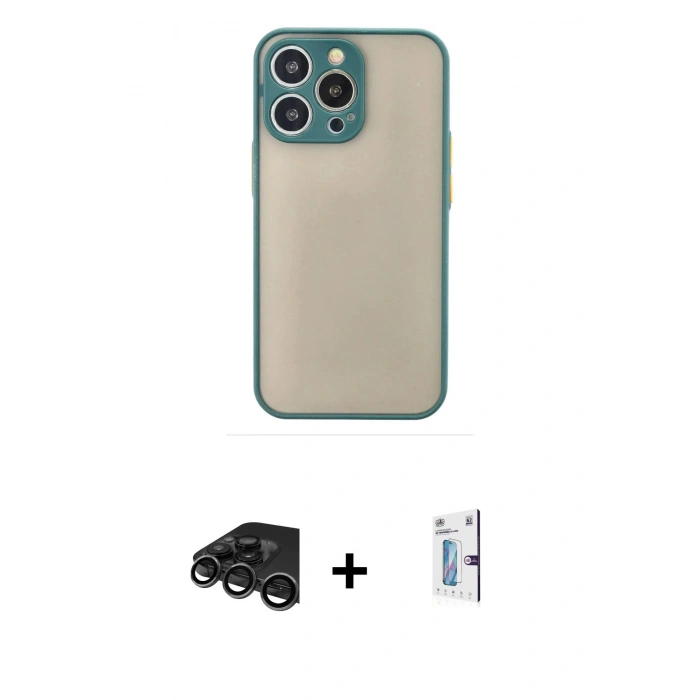 MARSİLYAN™- iPhone 15 Pro Max Kılıf Ahenk Çizgi Serisi - Siyah Bilvis 0.18mm Plus Cam Ekran Koruyucu + Raze Metal Kamera Lens - TMGI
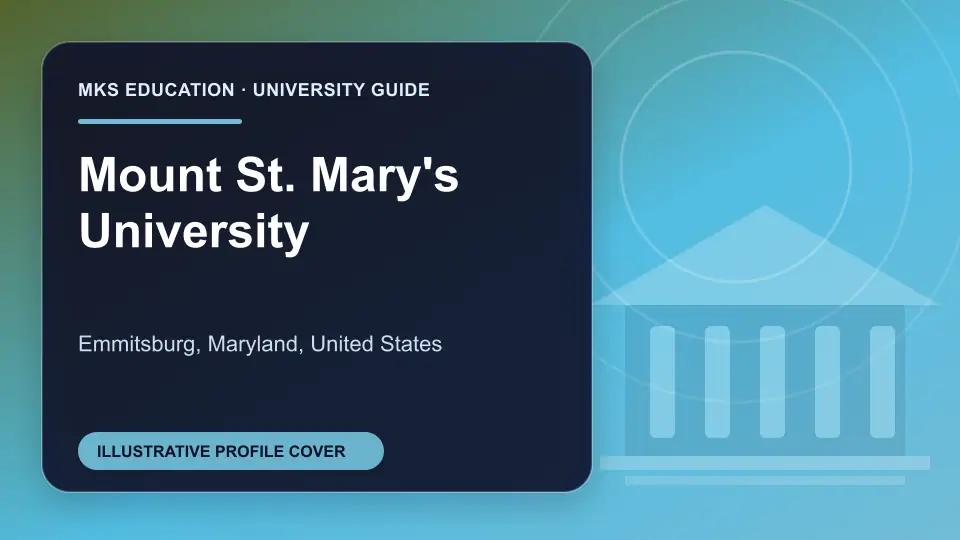 Illustrative MKS Education profile cover for Mount St. Mary's University in the USA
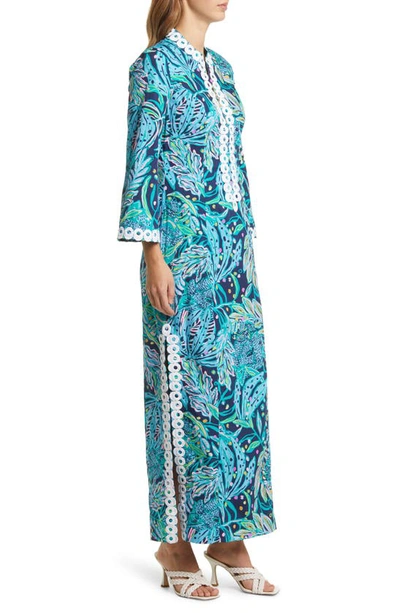 Shop Lilly Pulitzer Shealyn Floral Long Sleeve Dress In Low Tide N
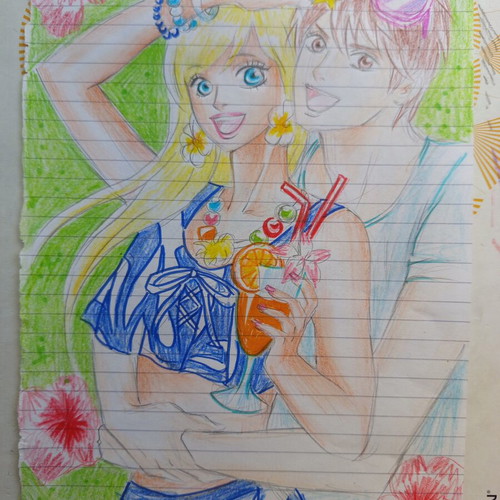 Anime manga drawings like new, set of 5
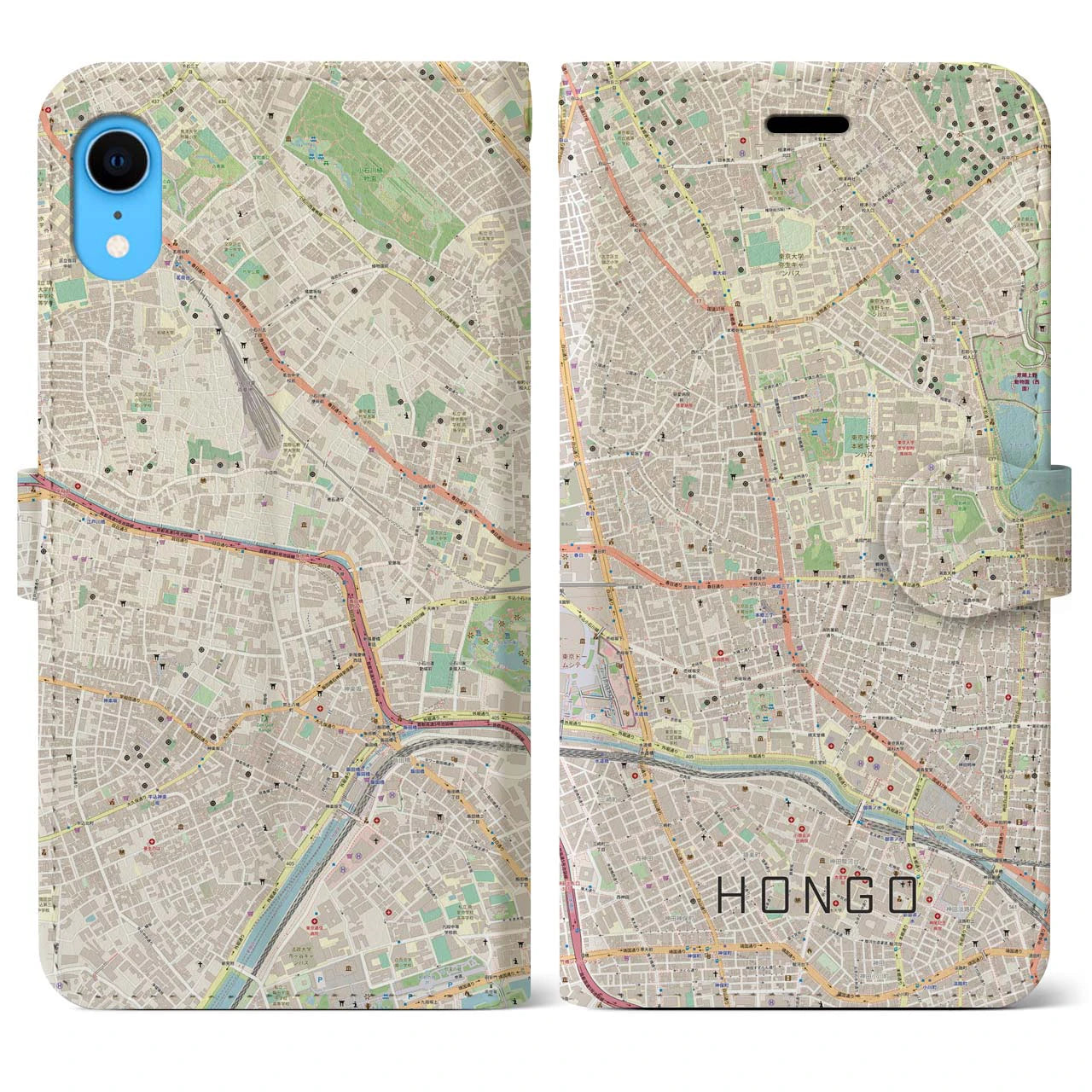 【本郷】地図柄iPhoneケース（手帳両面タイプ・ナチュラル）iPhone XR 用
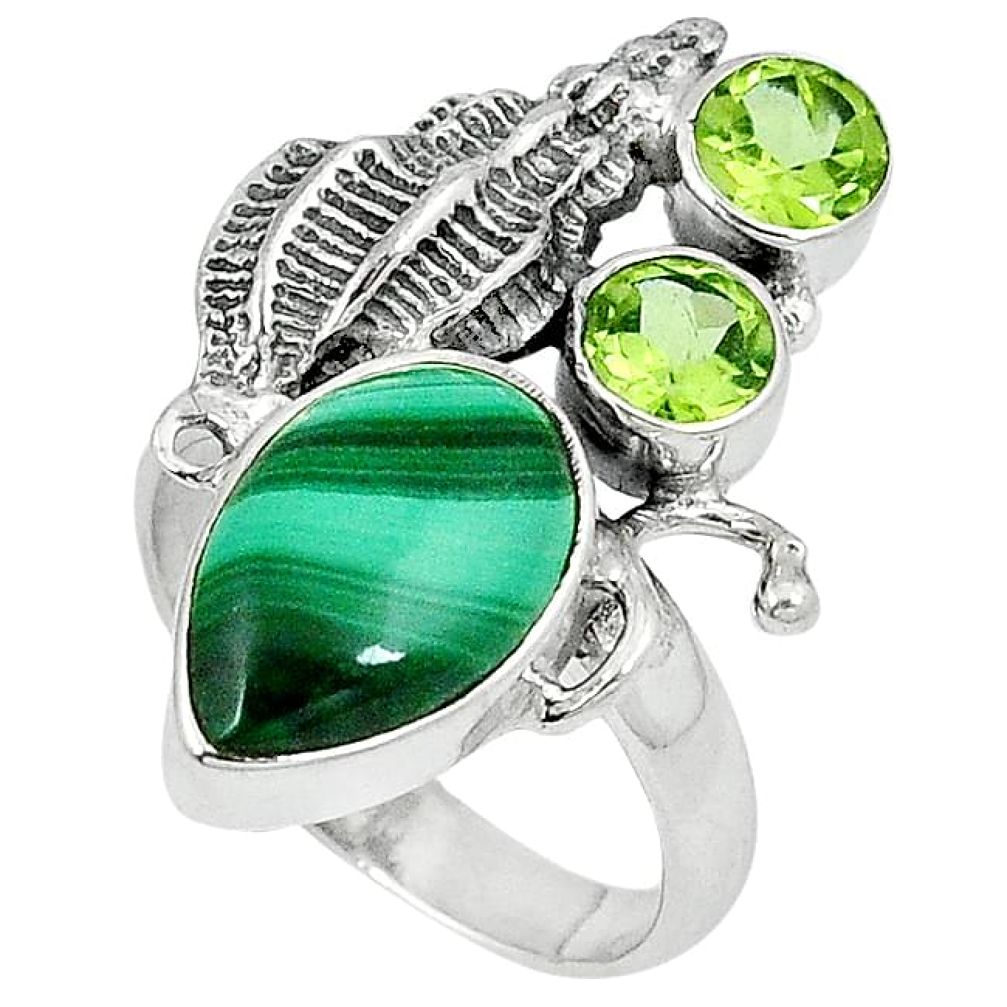 925 silver natural green malachite (pilot's stone) shell ring size 7 j36944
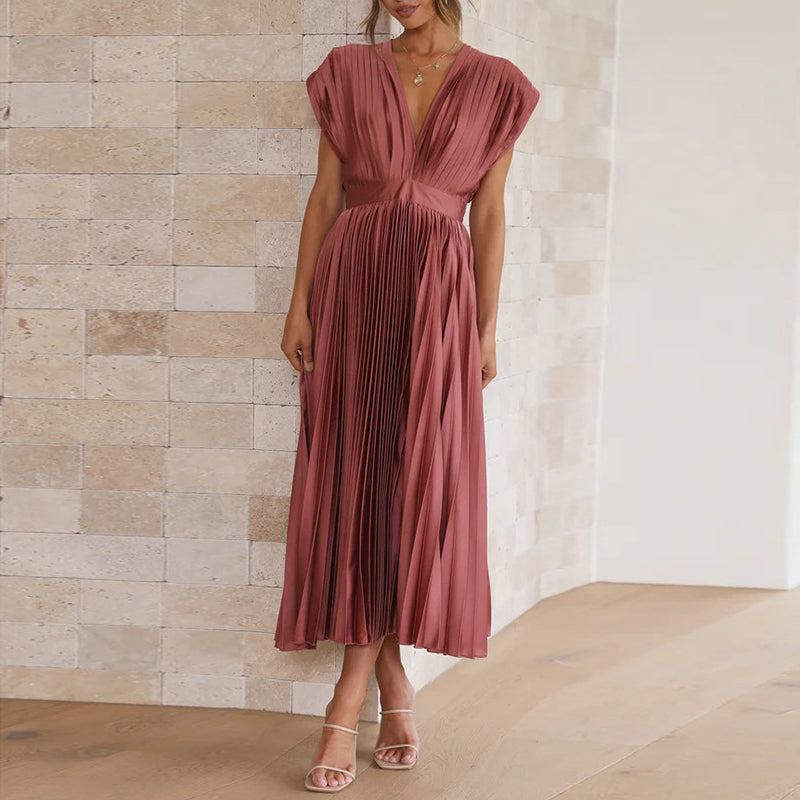 Karolyn - Damenkleid mit V-Ausschnitt und Falten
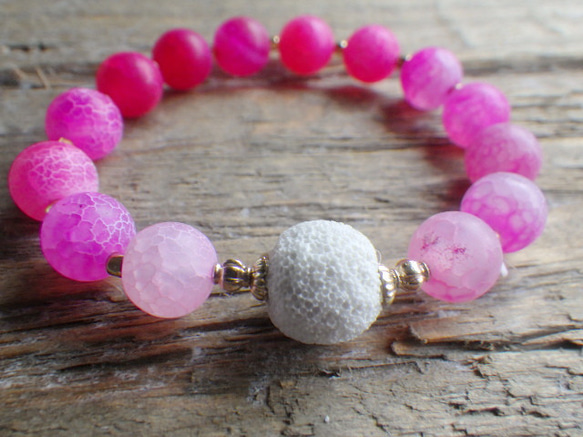 Hot Pink Dragon Agate Aroma Bracelet ✳︎ アロマブレスレット☆ピンク✳︎10mm 5枚目の画像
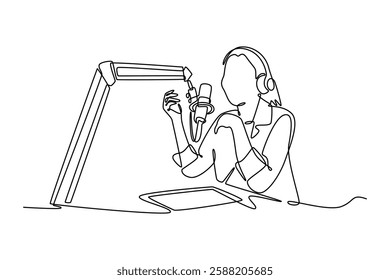 Podcast concept. Single line draw design vector graphic illustration.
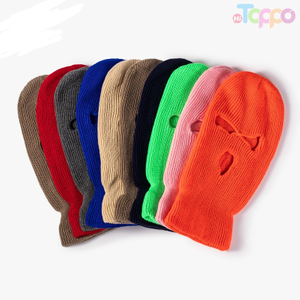 Winter Warm Wool Knitted Hats Beanie Outdoor Cycling Windproof Various Colors Ski Mask 3 Hole Hat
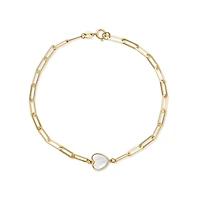 Bracelet avec Mailles Entrelacées et Coeur Nacre en Or 10K - 7.5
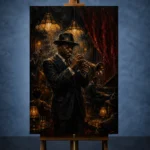 Vintage Trumpet Performance Jazz Wall Art Canvas Print - Image 2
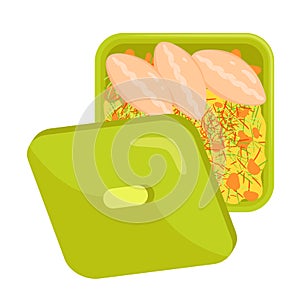 Lunch box with food, top view of plastic square container with open lid and dish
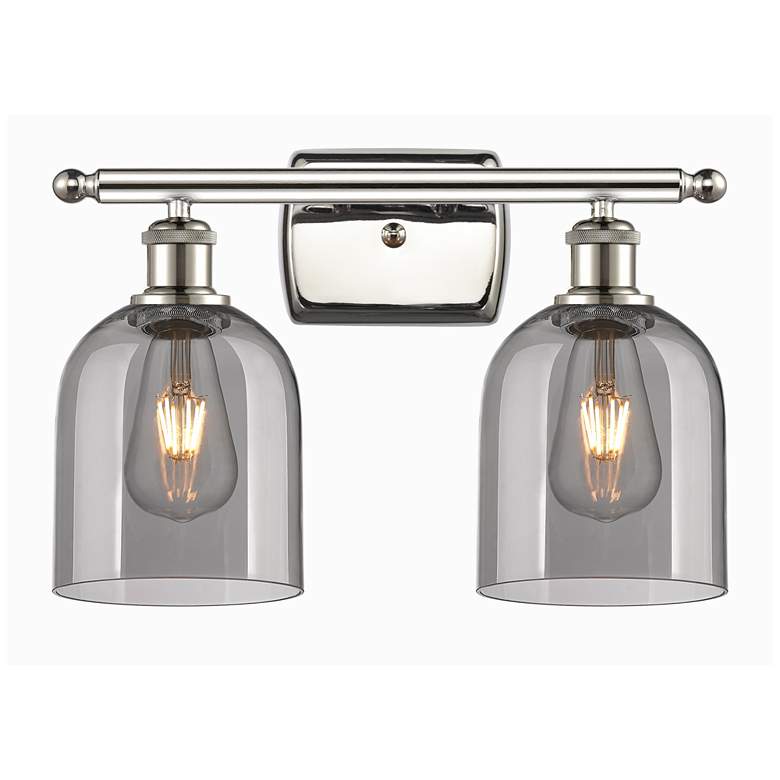 Image 1 Ballston Bella 15.5"W 2 Light Polished Nickel Bath Light w/ Smoke Shad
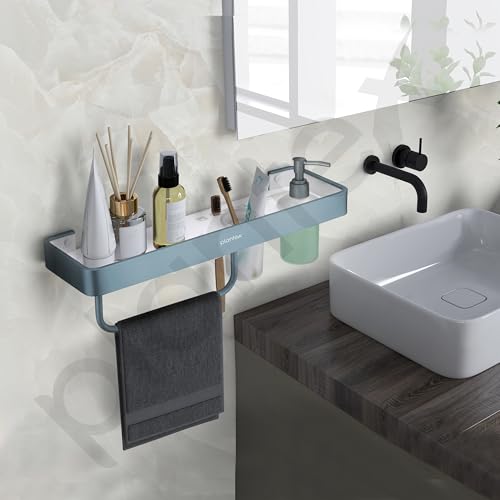 Image of Plantex 4in1 Shelf for Bathroom /Aluminium and Acrylic Shelf with Tumbler Holder, Liquid Soap Dispenser and Napkin Space /Bathroom Organizer with Drill-Pack of 1(Grey and Milky White)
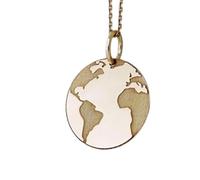 LKBEADS World Map Embossed Pendant Necklace Made in 925 Sterling Silver With Gold Plating 18" Cable Chain Round Shape Charm For Unisex Handmade Jewelry |LK_EMBO_00377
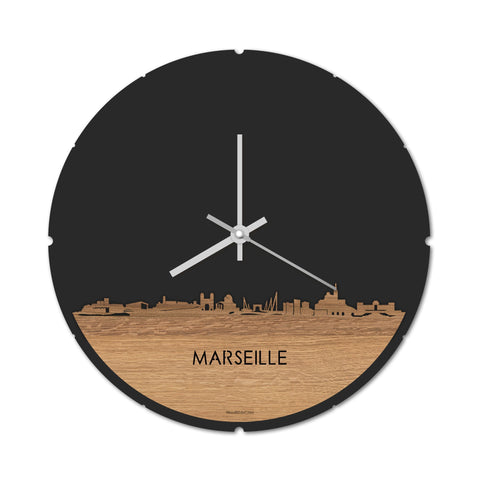 Skyline Klok Marseille Eiken houten cadeau decoratie relatiegeschenk van WoodWideCities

▬▬▬▬▬▬

- **What is being asked**
Transcribe every entry word for word, but omit the pictures.

- **Expected answer**
 MARSİLYAN™- iPhone 15 Pro Max Kılıf Ahenk Çizgi Serisi - Siyah Bilvis 0.18mm Plus Cam Ekran Koruyucu + Raze Metal Kamera Lens - TMGI
 Illustrative MKS Education profile cover for Mount St. Mary's University in the USA
 Shop Lilly Pulitzer Shealyn Floral Long Sleeve Dress In Low Tide N
 Anime manga drawings like new, set of 5
 【本郷】地図柄iPhoneケース（手帳両面タイプ・ナチュラル）iPhone XR 用
 925 silver natural green malachite (pilot's stone) shell ring size 7 j36944
 Karolyn - Damenkleid mit V-Ausschnitt und Falten
 Hot Pink Dragon Agate Aroma Bracelet ✳︎ アロマブレスレット☆ピンク✳︎10mm 5枚目の画像
 Podcast concept. Single line draw design vector graphic illustration.
 Winter Warm Wool Knitted Hats Beanie Outdoor Cycling Windproof Various Colors Ski Mask 3 Hole Hat
 Bracelet avec Mailles Entrelacées et Coeur Nacre en Or 10K - 7.5
 Vintage Trumpet Performance Jazz Wall Art Canvas Print - Image 2
 Lunch box with food, top view of plastic square container with open lid and dish
 Image 1 Ballston Bella 15.5"W 2 Light Polished Nickel Bath Light w/ Smoke Shad
 Image of Plantex 4in1 Shelf for Bathroom /Aluminium and Acrylic Shelf with Tumbler Holder, Liquid Soap Dispenser and Napkin Space /Bathroom Organizer with Drill-Pack of 1(Grey and Milky White)
 LKBEADS World Map Embossed Pendant Necklace Made in 925 Sterling Silver With Gold Plating 18" Cable Chain Round Shape Charm For Unisex Handmade Jewelry |LK_EMBO_00377
 Skyline Klok Marseille Eiken houten cadeau decoratie relatiegeschenk van WoodWideCities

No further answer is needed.